Information supplied =>

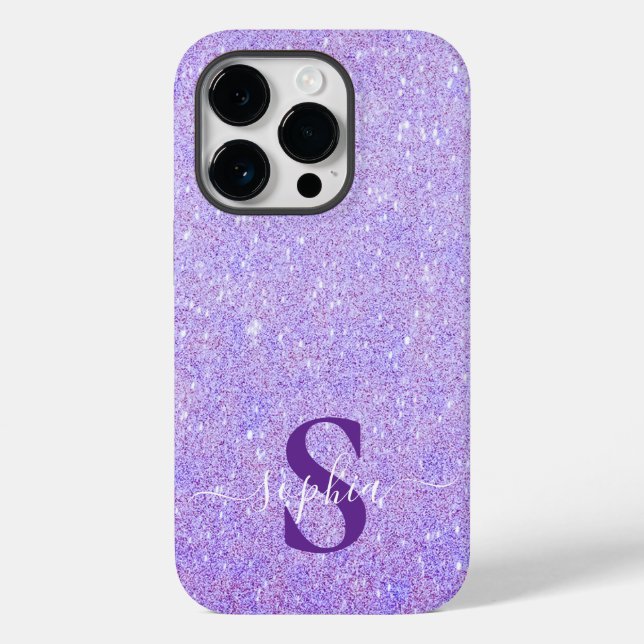 Elegant Glitter monogrammed Name Case-Mate iPhone Case (Back)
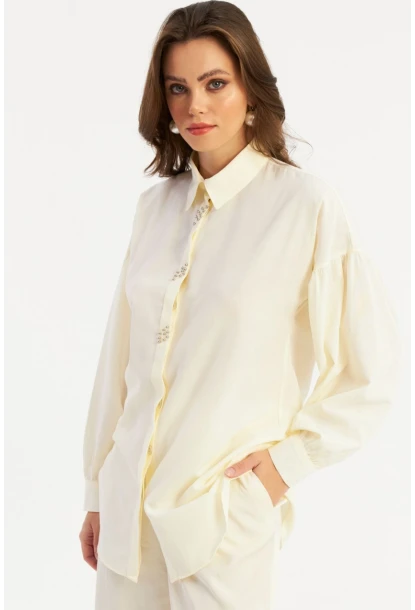 Kadın Ekru Zımbalı Gömlek MASF08
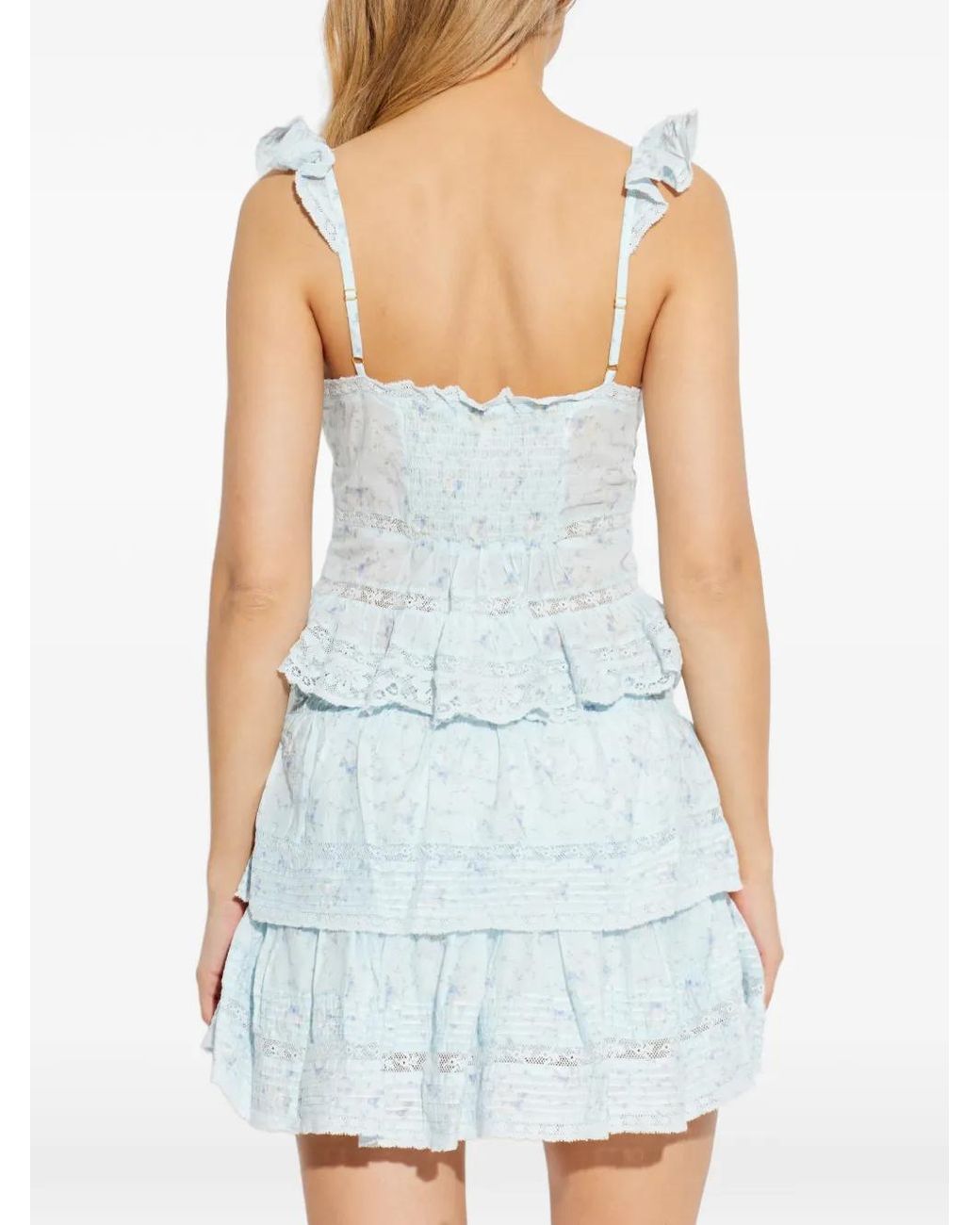 LoveShackFancy Blue Ruffled Floral Print Top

Description of the task => The listing is to be repeated exactly, with its pictures removed.

Solution =>
 Elegant Glitter monogrammed Name Case-Mate iPhone Case (Back)
 Kadın Ekru Zımbalı Gömlek MASF08
 LoveShackFancy Blue Ruffled Floral Print Top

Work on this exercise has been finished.